Customization and Server-Side Defaults

While R2R allows for runtime configuration of these advanced techniques, it’s worth noting that server-side defaults can also be modified for consistent behavior across your application. This includes the ability to update and customize prompts used for techniques like HyDE and RAG-Fusion.

Prompts play a crucial role in shaping the behavior of these advanced RAG techniques.

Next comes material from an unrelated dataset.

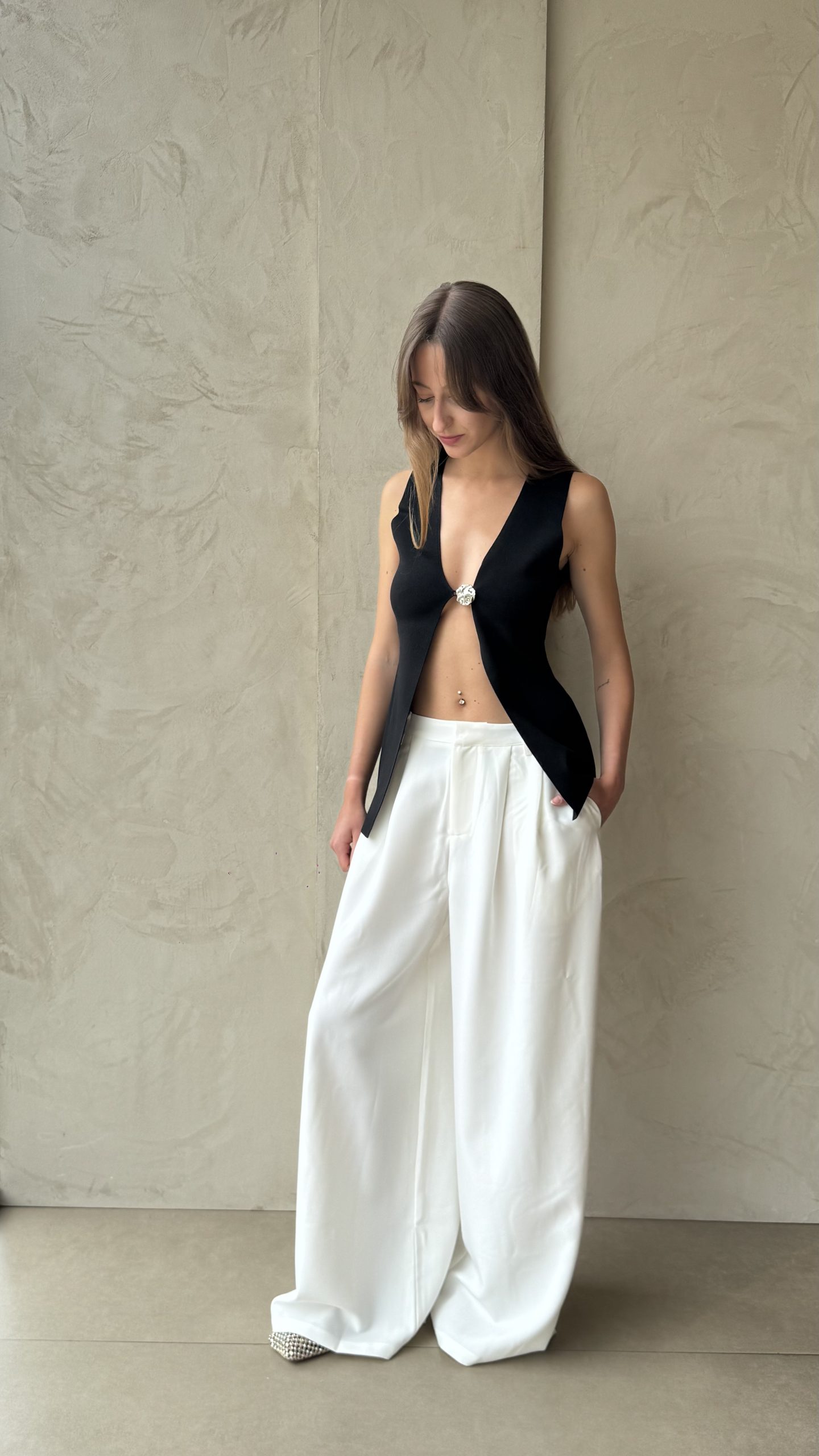 GLAMOROUS | Top Onda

By modifying the HyDE and RAG-Fusion prompts, you can fine-tune the query expansion and retrieval processes to better suit your specific use case or domain.

Currently, these advanced techniques use a hard-coded multi-search configuration in the MultiSearchPipe:

class MultiSearchPipe(AsyncPipe):
    class PipeConfig(AsyncPipe.PipeConfig):
        name: str = "multi_search_pipe"
        use_rrf: bool = False
        rrf_k: int = 60  # RRF constant
        num_queries: int = 3
        expansion_factor: int = 3  # Factor to expand results before RRF

This configuration will be made user-configurable in the near future, allowing for even greater flexibility in customizing these advanced RAG techniques.

Conclusion

By leveraging these advanced RAG techniques and customizing their underlying prompts, you can significantly enhance the quality and relevance of your retrieval and generation processes. Experiment with different strategies, settings, and prompt variations to find the optimal configuration for your specific use case. The flexibility of R2R allows you to iteratively improve your system’s performance and adapt to changing requirements.